• _WHAT THIS TASK INVOLVES_: Write out the records below from the first line through the line containing "Figured Camphor Live Edge Bowl Blank", leaving out any pictures.
** Opening RECORDS TO PROCESS block **
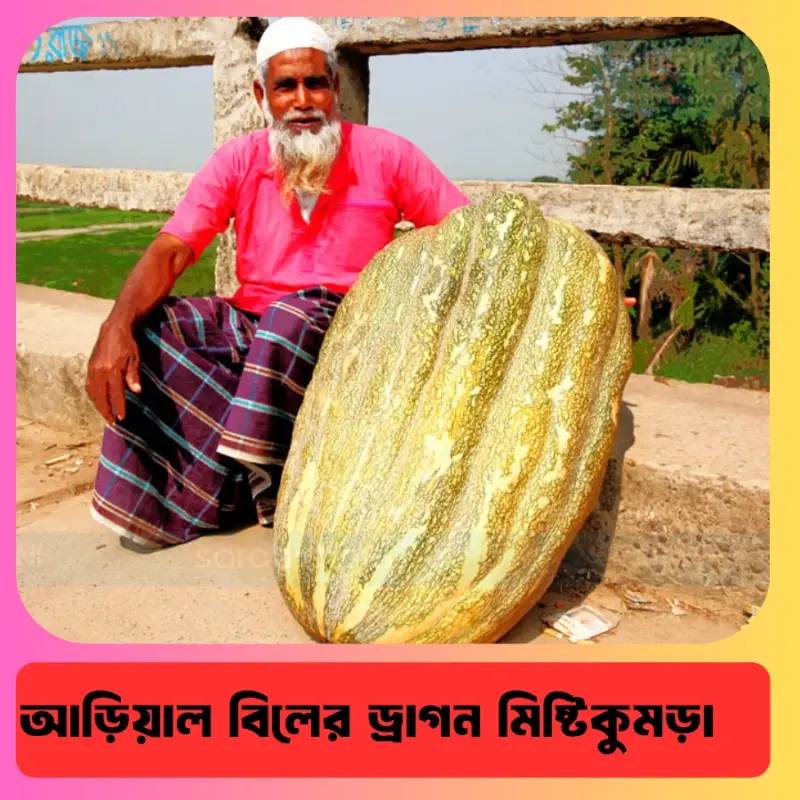 আড়িয়াল বিলের মিষ্টিকুমড়ার ১০ গ্রাম বীজের ইন্টেক প্যাকেট
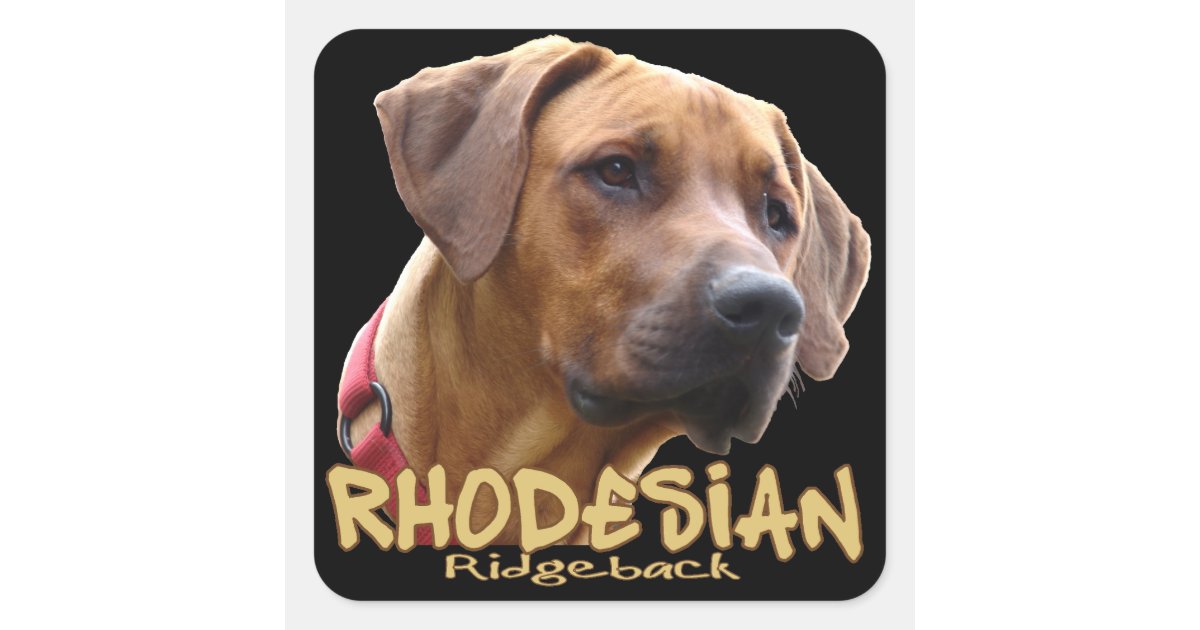 Rhodesian Ridgeback Square Sticker | Zazzle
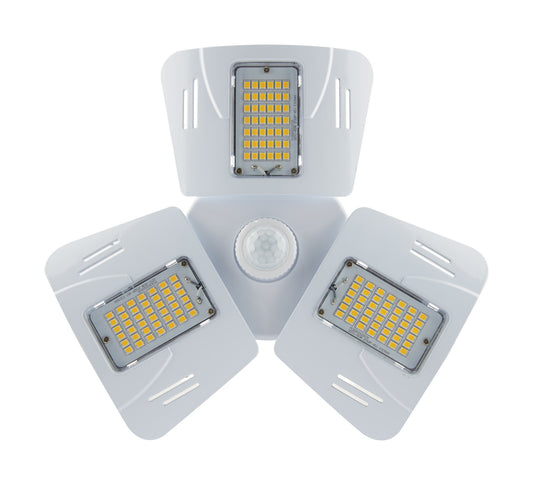 (4-Pack) Light Bulb in Clear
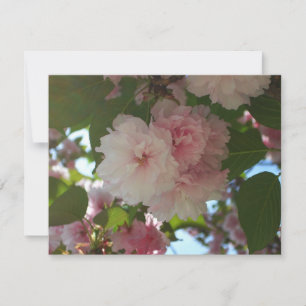 Carte Cherry Tree I Spring Floral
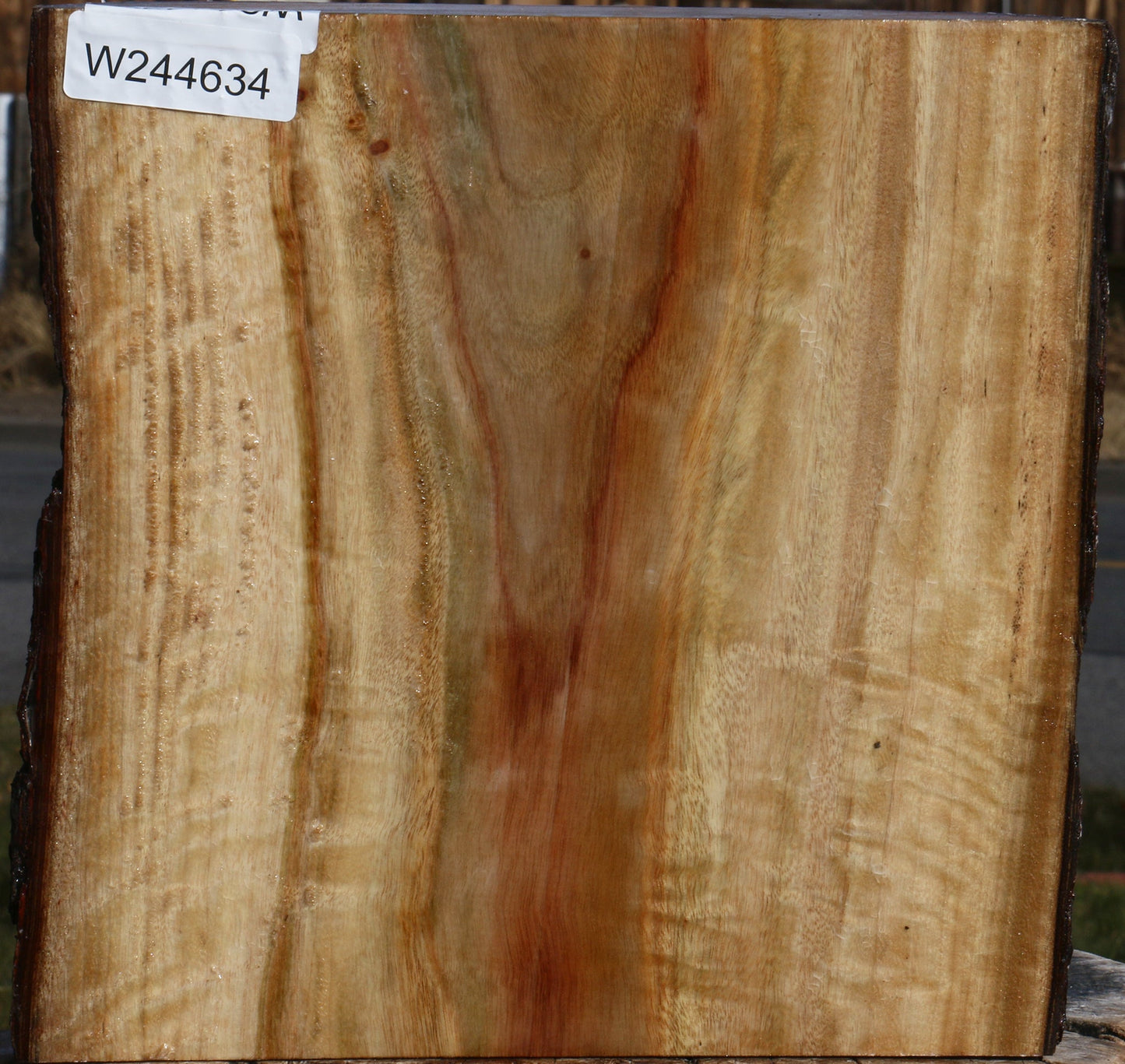 Figured Camphor Live Edge Bowl Blank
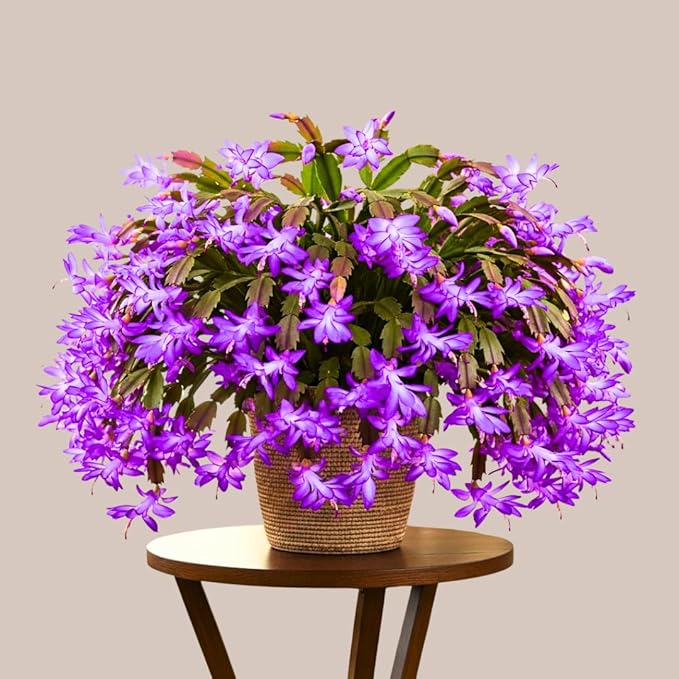 2 Christmas Cactus Plants Live, Starter Holiday Thanksgiving Cactus Plant for Indoor Outdoor Houseplants, Fasle Easter Cactus Plants Like, Cold Hardy, 5-9" in Tall, No Pot (Purple)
** Closing RECORDS TO PROCESS block **
• _EXPECTED ANSWER_:
 আড়িয়াল বিলের মিষ্টিকুমড়ার ১০ গ্রাম বীজের ইন্টেক প্যাকেট
 Rhodesian Ridgeback Square Sticker | Zazzle
 (4-Pack) Light Bulb in Clear
 Carte Cherry Tree I Spring Floral
 Figured Camphor Live Edge Bowl Blank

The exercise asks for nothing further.